個人事業主は節税のために経費入れ放題!と思ってる人、あぶないよぉぉ??
フリーランス(個人事業主)の賃貸審査が厳しいのは、よくある話です。
その中でも、現場でよく見る“詰みパターン”がこれ。
「税金を減らしたくて経費を入れまくる → 所得が低い → 審査に落ちる」
これ、税務調査とか以前に、日常のライフイベントで普通に詰みます。
結婚や子供の教育など、色んなシーンで困ることになるので身に覚えがある人は要注意!
経費の入れすぎて詰むのはこんなものがある!
- 自宅を借りる
- オフィスや作業場、店舗などを借りる
- 住宅ローンを借りる
- 新しいクレジットカードを作る
その他、収入を証明しないといけないシーンで困る可能性あります。
1. 審査で見られているのは「売上」じゃなくて「所得」です
賃貸でも住宅ローンでも、審査で重視されるのはざっくり言うと
- 返せるか(返済能力)
- 途切れにくいか(安定性)
この根拠資料として出されるのが、確定申告書(控え)です。
そして確定申告書で見られるのは、華やかな売上よりも、最終的に残った所得(利益)側。

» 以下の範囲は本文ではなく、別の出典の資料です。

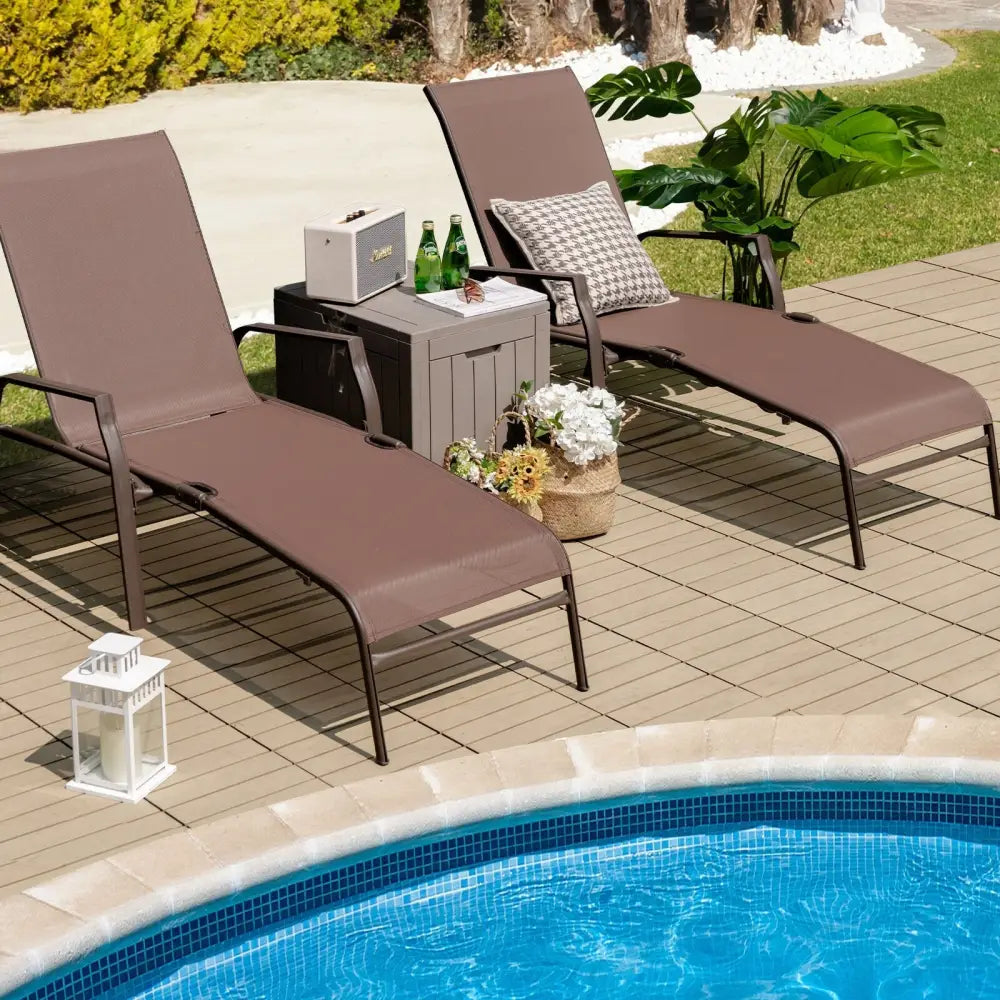 2 Pieces Patio Folding Chaise Lounge Chair Set with Adjustable Back-Brown - Brown - Outdoor Chaise Lounges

つまり、“節税の成果”がそのまま“信用の数字”になるわけです。
仮に売上が1000万円だったとしても、経費をたくさんいれて結果的に所得が100万円の場合、900万円は仕事でつかった経費で、100万円しか儲けはない…ということです。
2. 「税金払いたくない」は分かる。でも、その所得で生活できる?
税金を抑えたい気持ちは分かります。
でも、審査の世界ではこう見られます。
- 所得が低い=生活に余裕がない可能性が高い
- 収入変動がある=さらに厳しめに見る
- 安定性が弱い=保証会社が嫌う
結果、家賃でも住宅ローンでも“落ちる確率が上がる”。
特に住宅ローンは、金利が安い時期に動きたいのに、申告所得が低いと入り口で弾かれます。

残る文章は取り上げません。